◆ **HOW TO COMPLETE THIS TASK**: In the listing below, locate the line with "Alright, once you've" and the line with "Hey Geeks, Tim", then output both and everything between them exactly, minus any pictures.

◆ **SUPPLIED MATERIAL**:
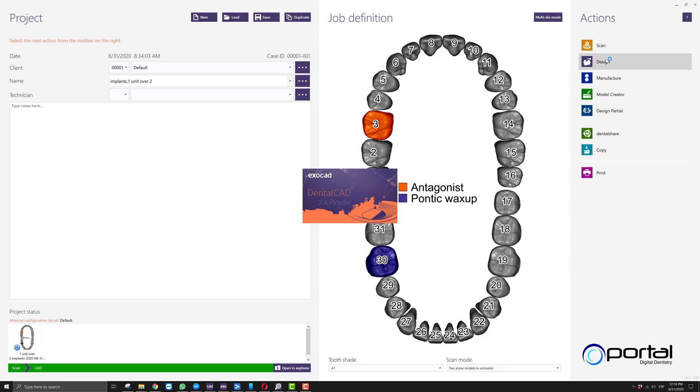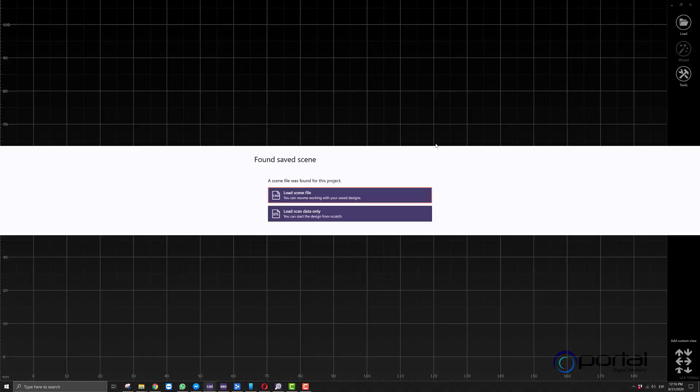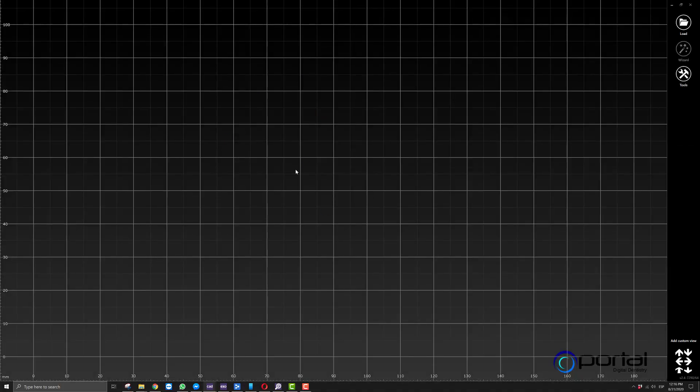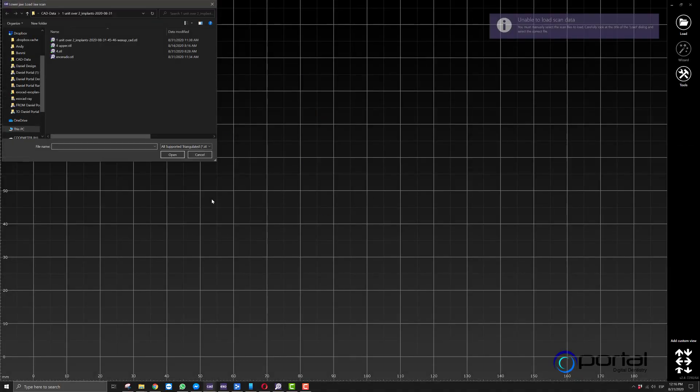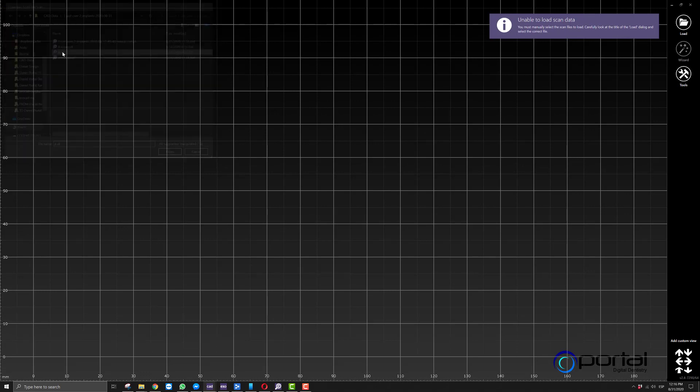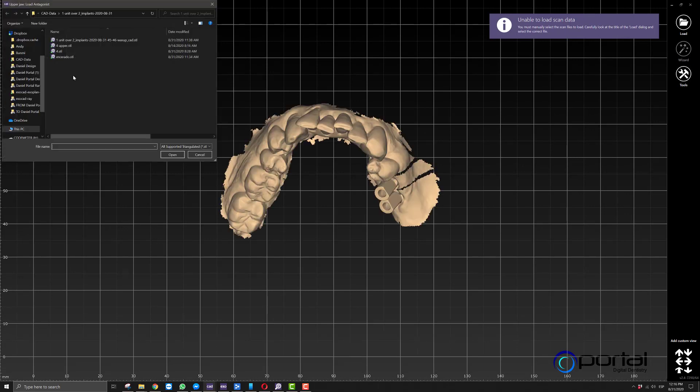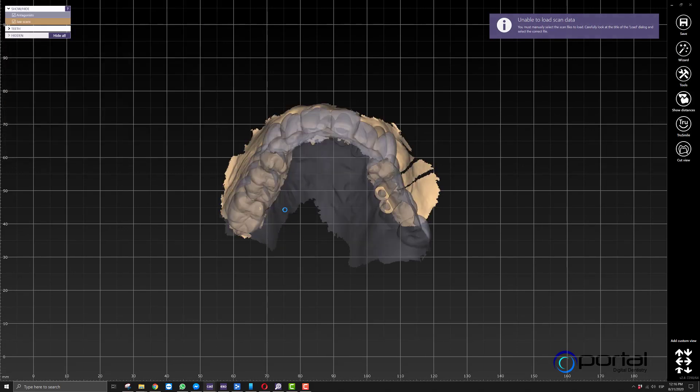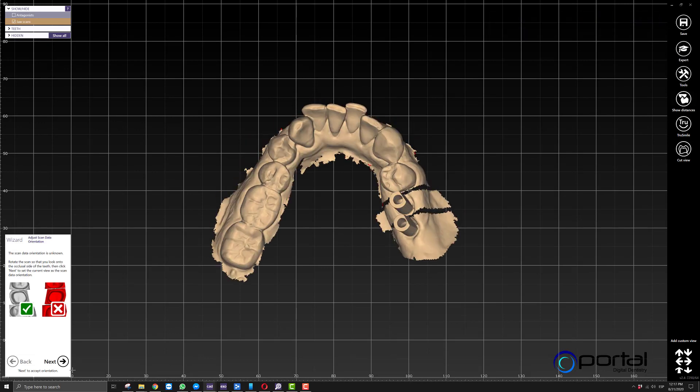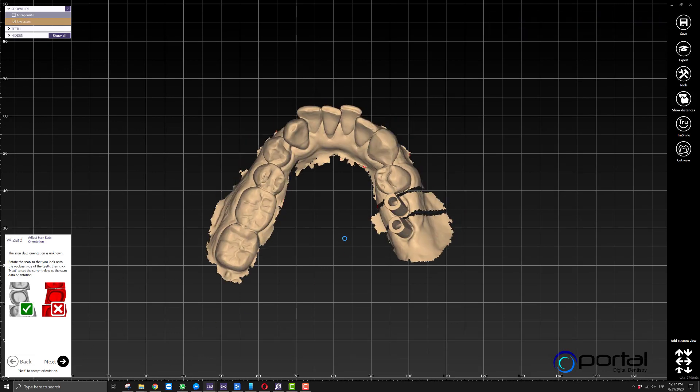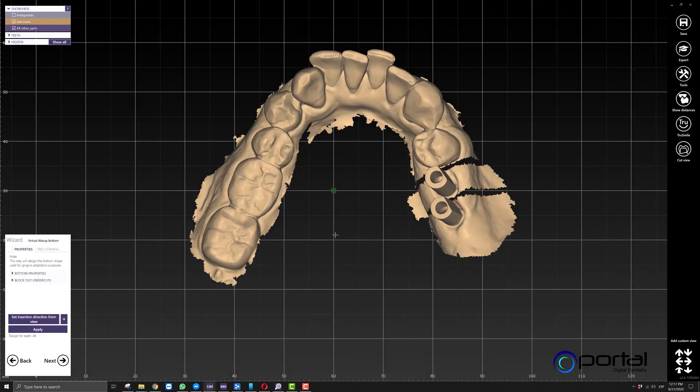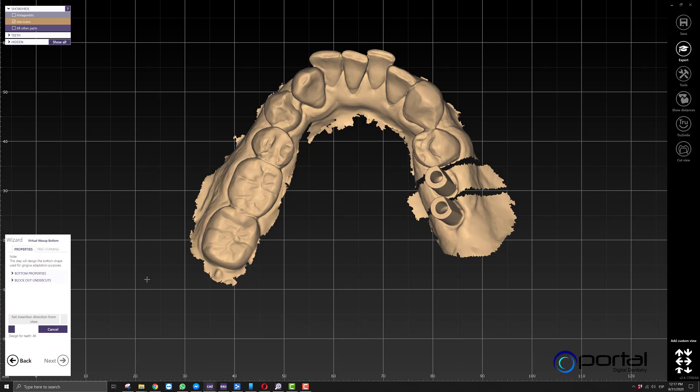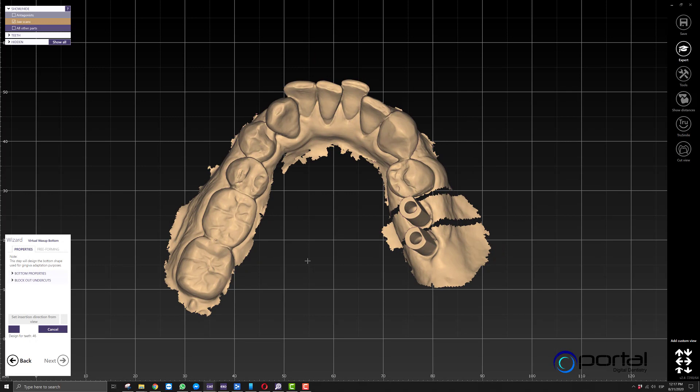In this first order, we're creating the wax up we'll use at the very end. I've already designed the case, so I'll select the lower, then the upper, and follow the workflow that ExoCAD prompts us to follow. We have to go through the virtual wax up bottom step even though we're not making any use of it. It's just part of the process.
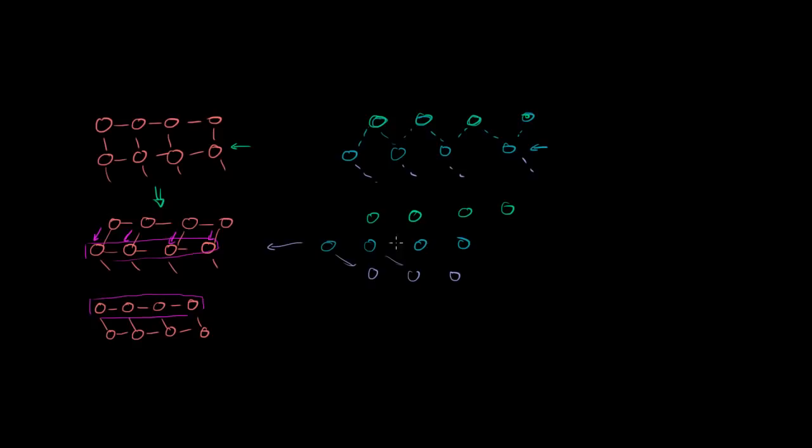And so that's why in general S waves only travel in solids, and they won't travel in liquid or air.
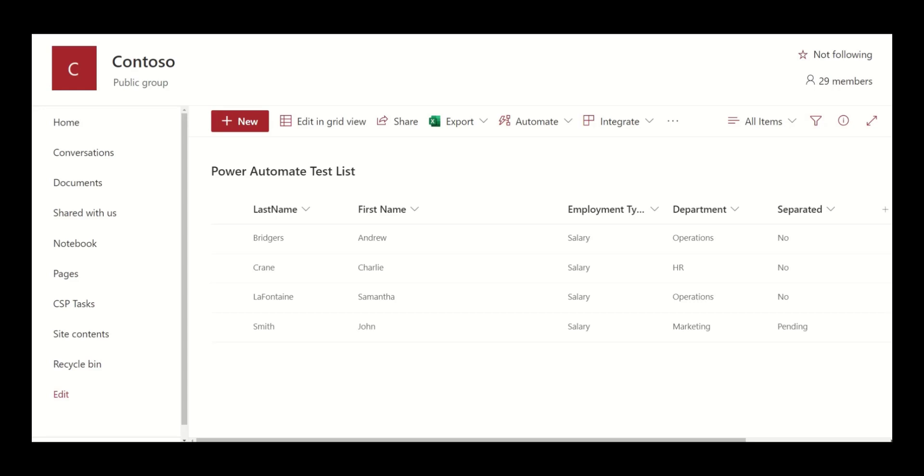To illustrate, let's assume that you use a SharePoint list to manage onboarding of new employees. One of the elements it captures is the new employee's department. In this example, department has the following options: marketing, operations, and HR.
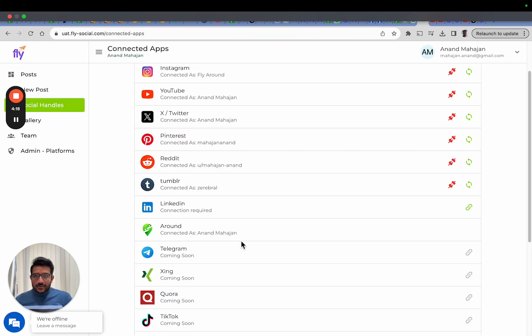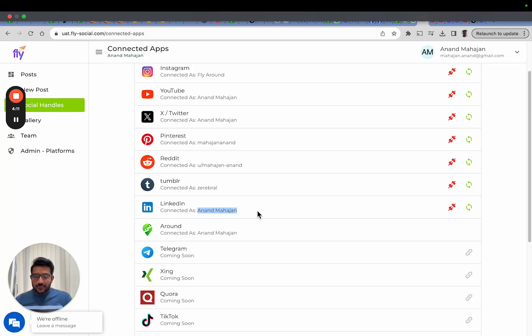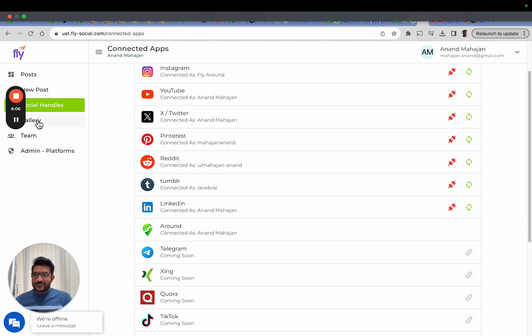Once it connects, it will come back to Fly. In a couple of seconds, it will show your account here that you have connected with. You may now start posting on LinkedIn using Fly. Hope that was useful, thank you.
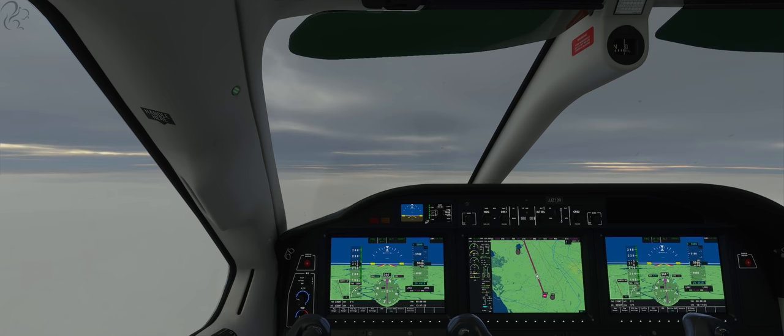Hi guys, Squall here, and in this video I'm going to show you in 15 minutes or less how to shoot a precision ILS approach in the TBM 930 in Microsoft Flight Simulator.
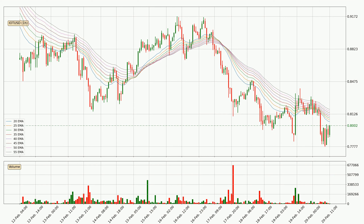Looking at the hourly exponential moving averages, the price at the moment is situated below the hourly ribbon, which is usually bearish and the ribbon can act as a resistance, so you should keep an eye on if the price will break it or bounce off it. The current price to watch is around 81.8 cents. The resistance should be considered because the ribbon is more or less spread out.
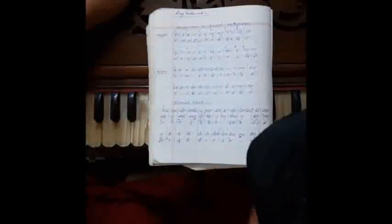So that is how the composition, this composition in Raag Madhuvanti, goes in the 12-beat cycle.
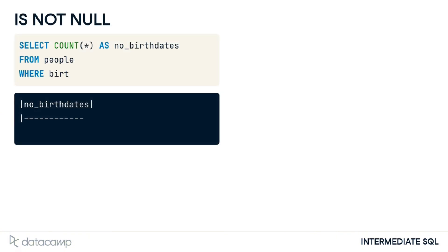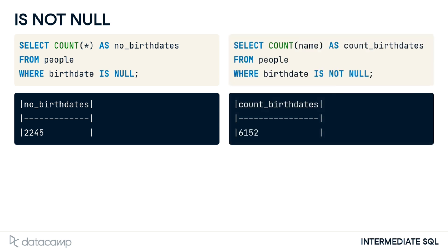On the left is an example of counting the missing birthdates in the people table. The count is 2,245. Sometimes we'll want to filter out missing values so we only get results that are not null. To do this, we can use the IS NOT NULL operator. For example, this query on the right gives the count of all people whose birthdates are not missing in the people table, giving us a new count of 6,152.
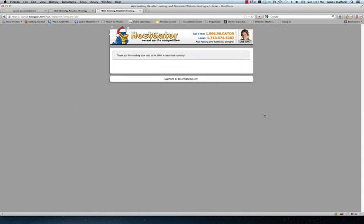Alright, once you've submitted your payment details, you should see a page that looks like this. Now what we're looking for is our welcome email. Once I receive that, which takes anywhere from a couple minutes to 10 minutes at most, we will move on to the next step. I'm going to pause the video. I'll be right back.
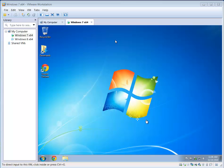Hey Geeks, Tim Tibbetts here with MajorGeeks.com and today we're going to show you how to reboot your computer into safe mode.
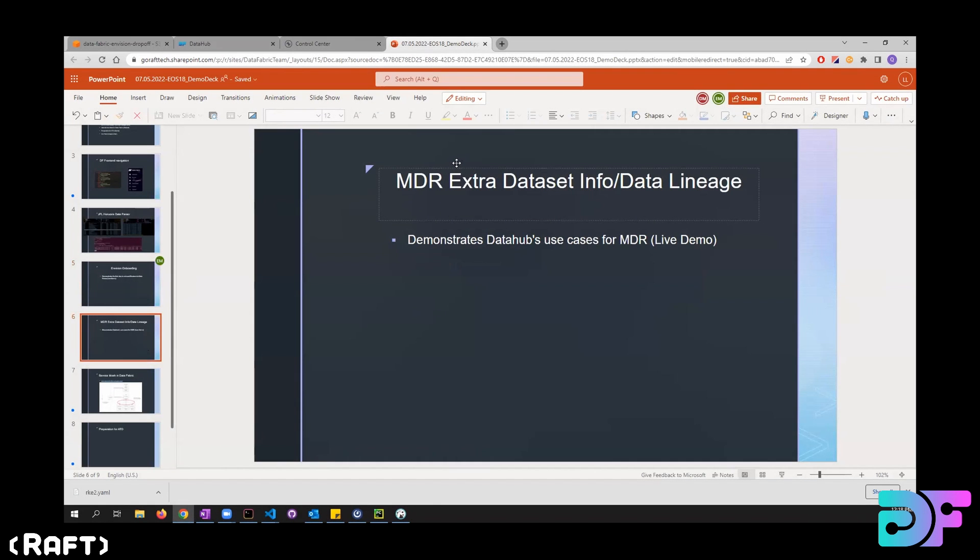Okay, so this is MDR, extra information about the dataset and data lineage.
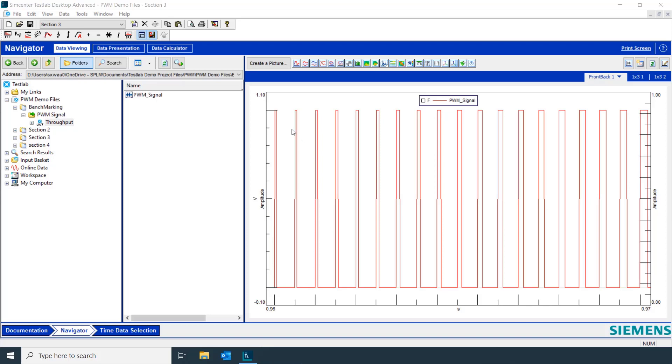Here we have a pulse width modulated signal. In fact, as we look at each successive pulse, we can see that it gets wider and wider.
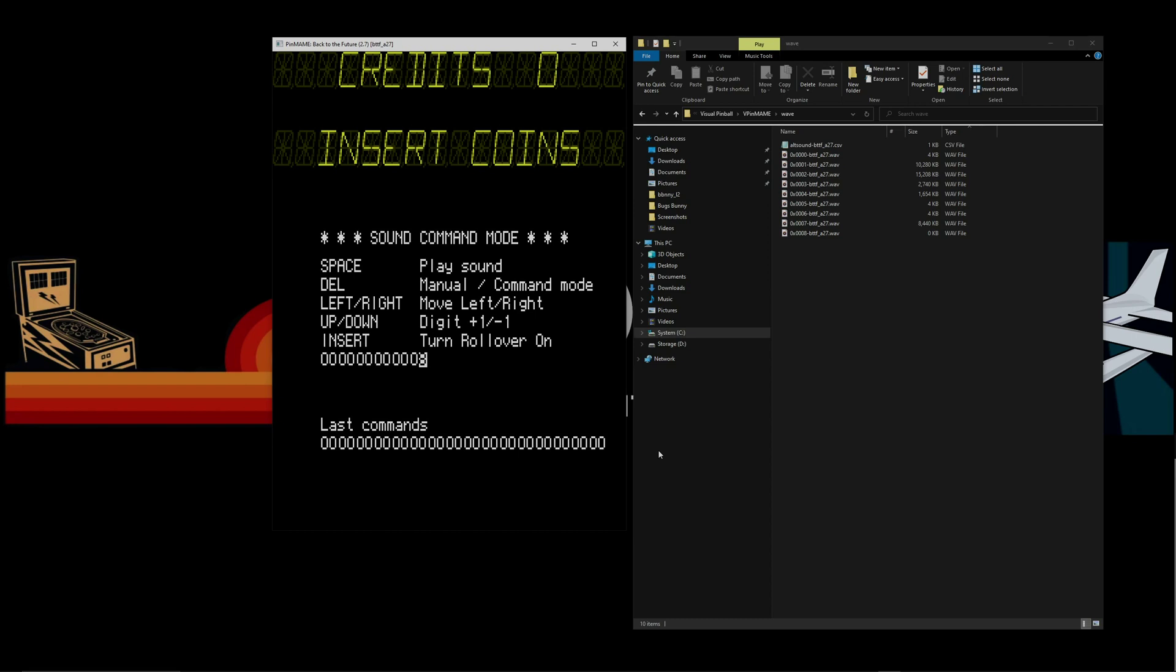See if we can get some of the sound effects. Still music. Now if you wanted to change the soundtrack later, these are the files that you'd be switching out. And we'll actually have another video where we do just that.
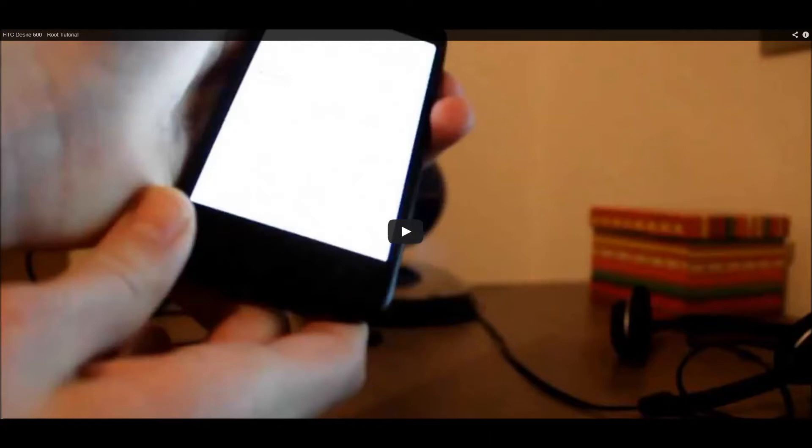Hello guys, my name is Xtreme Hightech and today I'm going to tell you how to flash the new CWM recovery. You of course need to watch my root tutorial video in order to fully use and understand this video.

◆ **SOLUTION FOR THIS PROBLEM**:
Alright, once you've submitted your payment details, you should see a page that looks like this. Now what we're looking for is our welcome email. Once I receive that, which takes anywhere from a couple minutes to 10 minutes at most, we will move on to the next step. I'm going to pause the video. I'll be right back.
Hey Geeks, Tim Tibbetts here with MajorGeeks.com and today we're going to show you how to reboot your computer into safe mode.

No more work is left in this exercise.